The order, issued at pretrial hearings, compels Lt. Gen. Ricardo Sanchez, the top U.S. commander in Iraq, and Gen. John Abizaid, chief of the U.S. Central Command, to give depositions on polices and practices at the Abu Ghraib prison.

The defense also will have access to Maj. Gen. Geoffrey Miller, who was in charge of the Guantanamo Bay prison camp and now runs U.S. detention facilities in Iraq. Others who could be questioned include Lt. Gen. Thomas F. Metz, commander of Multinational Corps Iraq, and Maj. Gen. Barbara Fast, chief of coalition intelligence operations.

Questioning senior officers could shed light on interrogation techniques and help determine how far responsibility for the abuse extends up the chain of command.

The judge ruled out moving the trial to the United States or Germany, but said he might reconsider if conditions in Iraq warranted a move by the time testimony begins. A civilian attorney, Guy Womack, said the trial was unlikely to start until October.

The judge declared Abu Ghraib a crime scene that should not be destroyed. President Bush had offered to tear down the prison to remove the stain of abuse, but Iraqi authorities have shown no interest.

Seven members of the 372nd Military Police Company, a reserve unit from Cresaptown, Md., have been charged in the scandal, which gained international attention in April after the publication of photos of abuse and sexual humiliation of Iraqi prisoners.

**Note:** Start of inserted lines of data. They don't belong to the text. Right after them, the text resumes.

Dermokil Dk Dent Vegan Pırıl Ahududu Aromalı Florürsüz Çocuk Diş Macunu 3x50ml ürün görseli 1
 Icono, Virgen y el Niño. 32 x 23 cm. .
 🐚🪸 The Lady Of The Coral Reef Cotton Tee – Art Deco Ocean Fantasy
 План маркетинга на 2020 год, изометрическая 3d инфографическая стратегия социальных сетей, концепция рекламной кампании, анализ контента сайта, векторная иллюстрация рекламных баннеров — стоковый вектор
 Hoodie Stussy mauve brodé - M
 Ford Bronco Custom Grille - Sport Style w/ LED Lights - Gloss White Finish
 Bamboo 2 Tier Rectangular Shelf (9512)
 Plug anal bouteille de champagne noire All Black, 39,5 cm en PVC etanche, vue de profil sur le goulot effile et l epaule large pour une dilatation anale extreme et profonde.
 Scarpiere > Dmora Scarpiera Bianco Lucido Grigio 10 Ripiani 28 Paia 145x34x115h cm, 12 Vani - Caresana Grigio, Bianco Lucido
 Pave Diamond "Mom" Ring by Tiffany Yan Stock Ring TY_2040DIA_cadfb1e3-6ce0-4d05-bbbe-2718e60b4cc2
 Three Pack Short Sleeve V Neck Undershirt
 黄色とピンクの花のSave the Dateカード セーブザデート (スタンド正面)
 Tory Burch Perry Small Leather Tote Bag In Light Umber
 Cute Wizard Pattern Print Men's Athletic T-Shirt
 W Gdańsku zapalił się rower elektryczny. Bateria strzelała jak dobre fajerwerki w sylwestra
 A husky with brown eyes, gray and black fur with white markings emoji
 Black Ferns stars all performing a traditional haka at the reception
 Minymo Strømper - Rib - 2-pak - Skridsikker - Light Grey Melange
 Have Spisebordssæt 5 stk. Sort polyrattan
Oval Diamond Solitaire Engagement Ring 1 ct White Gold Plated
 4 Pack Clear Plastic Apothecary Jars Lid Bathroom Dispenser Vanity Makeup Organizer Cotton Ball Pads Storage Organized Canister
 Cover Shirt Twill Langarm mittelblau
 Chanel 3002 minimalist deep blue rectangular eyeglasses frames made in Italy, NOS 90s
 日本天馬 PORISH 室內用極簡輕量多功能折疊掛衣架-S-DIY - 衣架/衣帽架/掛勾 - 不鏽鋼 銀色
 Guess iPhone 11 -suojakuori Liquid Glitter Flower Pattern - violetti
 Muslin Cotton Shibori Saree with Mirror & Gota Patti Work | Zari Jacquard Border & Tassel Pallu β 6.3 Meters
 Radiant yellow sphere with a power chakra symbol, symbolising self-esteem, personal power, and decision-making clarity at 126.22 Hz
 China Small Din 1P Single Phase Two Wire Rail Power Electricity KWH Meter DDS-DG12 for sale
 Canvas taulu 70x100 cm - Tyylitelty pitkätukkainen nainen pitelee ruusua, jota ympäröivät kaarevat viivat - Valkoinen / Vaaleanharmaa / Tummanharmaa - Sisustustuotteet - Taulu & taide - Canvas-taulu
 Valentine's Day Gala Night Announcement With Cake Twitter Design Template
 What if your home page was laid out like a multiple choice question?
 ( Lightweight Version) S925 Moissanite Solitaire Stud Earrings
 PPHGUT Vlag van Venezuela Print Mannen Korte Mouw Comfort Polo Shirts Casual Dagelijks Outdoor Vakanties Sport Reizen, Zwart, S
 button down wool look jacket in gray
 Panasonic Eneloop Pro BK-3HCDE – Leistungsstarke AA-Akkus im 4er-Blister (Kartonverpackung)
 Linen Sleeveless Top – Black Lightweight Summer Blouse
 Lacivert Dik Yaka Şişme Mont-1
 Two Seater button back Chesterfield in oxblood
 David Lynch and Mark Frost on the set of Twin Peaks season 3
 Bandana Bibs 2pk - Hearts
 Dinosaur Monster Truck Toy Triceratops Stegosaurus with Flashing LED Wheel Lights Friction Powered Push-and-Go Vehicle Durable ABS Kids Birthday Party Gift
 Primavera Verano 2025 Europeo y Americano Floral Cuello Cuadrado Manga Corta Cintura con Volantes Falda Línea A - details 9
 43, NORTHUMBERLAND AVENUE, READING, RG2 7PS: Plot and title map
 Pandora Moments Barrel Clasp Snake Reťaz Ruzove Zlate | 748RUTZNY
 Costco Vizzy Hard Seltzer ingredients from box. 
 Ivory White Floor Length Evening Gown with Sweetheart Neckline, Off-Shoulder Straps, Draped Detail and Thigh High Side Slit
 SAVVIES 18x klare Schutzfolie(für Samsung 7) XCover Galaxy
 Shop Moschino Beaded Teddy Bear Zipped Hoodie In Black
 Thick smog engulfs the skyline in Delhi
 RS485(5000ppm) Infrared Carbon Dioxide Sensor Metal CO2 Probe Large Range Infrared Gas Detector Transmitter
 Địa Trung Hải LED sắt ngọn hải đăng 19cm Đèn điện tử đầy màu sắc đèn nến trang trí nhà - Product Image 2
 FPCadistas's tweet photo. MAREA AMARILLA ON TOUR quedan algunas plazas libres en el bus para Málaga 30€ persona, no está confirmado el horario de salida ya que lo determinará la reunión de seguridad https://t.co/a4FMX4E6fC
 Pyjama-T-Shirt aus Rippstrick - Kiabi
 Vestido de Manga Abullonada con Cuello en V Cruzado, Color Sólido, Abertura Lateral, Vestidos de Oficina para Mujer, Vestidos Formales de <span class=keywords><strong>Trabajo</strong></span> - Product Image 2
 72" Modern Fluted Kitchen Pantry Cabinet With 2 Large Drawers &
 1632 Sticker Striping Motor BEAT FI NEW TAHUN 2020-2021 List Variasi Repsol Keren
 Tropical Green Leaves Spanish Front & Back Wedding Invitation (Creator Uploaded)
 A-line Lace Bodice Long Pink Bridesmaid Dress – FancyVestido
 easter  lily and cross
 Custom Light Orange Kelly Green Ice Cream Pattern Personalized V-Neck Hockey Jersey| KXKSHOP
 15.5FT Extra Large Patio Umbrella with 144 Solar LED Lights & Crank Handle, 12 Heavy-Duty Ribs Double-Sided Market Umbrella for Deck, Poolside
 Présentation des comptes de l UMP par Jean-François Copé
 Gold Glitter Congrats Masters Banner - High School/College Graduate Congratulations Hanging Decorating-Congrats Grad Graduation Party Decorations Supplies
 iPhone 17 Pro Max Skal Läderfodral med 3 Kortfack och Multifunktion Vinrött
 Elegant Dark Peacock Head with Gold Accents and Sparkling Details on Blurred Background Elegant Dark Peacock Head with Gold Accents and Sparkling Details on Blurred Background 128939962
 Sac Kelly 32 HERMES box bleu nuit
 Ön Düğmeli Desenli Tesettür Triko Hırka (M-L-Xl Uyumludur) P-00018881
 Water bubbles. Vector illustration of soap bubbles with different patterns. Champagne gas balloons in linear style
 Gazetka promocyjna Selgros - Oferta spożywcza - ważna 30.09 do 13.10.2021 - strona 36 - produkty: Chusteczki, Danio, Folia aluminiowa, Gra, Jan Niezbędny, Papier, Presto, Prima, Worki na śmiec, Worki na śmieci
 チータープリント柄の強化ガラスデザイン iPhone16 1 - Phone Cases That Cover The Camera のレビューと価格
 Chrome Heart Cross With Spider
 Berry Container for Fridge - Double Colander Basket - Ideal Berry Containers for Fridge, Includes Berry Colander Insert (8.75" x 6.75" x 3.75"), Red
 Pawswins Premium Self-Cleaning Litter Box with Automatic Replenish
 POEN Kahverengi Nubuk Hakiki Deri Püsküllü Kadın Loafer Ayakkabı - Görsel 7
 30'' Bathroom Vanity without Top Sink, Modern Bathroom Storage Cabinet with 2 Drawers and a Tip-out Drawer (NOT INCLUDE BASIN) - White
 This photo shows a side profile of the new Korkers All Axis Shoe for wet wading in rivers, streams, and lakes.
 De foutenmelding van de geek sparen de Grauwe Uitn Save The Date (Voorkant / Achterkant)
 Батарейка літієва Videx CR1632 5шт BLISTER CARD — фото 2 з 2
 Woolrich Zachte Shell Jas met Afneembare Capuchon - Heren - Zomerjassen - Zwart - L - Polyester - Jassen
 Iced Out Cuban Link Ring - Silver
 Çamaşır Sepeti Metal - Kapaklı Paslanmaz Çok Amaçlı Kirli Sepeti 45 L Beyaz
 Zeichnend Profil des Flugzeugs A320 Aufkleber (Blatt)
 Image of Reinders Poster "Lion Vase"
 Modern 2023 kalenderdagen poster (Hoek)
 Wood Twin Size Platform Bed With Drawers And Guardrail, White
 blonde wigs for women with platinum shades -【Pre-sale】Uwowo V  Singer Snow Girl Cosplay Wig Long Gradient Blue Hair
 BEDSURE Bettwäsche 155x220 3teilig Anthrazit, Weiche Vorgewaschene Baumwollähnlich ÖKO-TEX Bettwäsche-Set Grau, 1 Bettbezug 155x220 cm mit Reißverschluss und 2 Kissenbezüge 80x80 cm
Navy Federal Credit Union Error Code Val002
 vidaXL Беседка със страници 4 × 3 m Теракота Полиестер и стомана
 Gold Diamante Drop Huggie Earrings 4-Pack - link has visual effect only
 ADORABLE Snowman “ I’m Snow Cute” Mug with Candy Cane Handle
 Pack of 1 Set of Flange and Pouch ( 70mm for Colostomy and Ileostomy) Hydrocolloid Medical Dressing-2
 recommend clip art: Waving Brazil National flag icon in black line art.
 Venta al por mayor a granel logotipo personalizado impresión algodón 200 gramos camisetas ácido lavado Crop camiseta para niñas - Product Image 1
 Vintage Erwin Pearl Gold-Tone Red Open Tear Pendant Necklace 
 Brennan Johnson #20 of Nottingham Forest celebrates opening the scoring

Civilian defense attorneys have contended that the military police officers (MPs) were acting on instructions from military intelligence officers and civilian contract interrogators.

“No one can suggest with a straight face that these MPs were acting alone,” Mr. Womack said. “They were directly under the supervision and the direction of military intelligence officers.”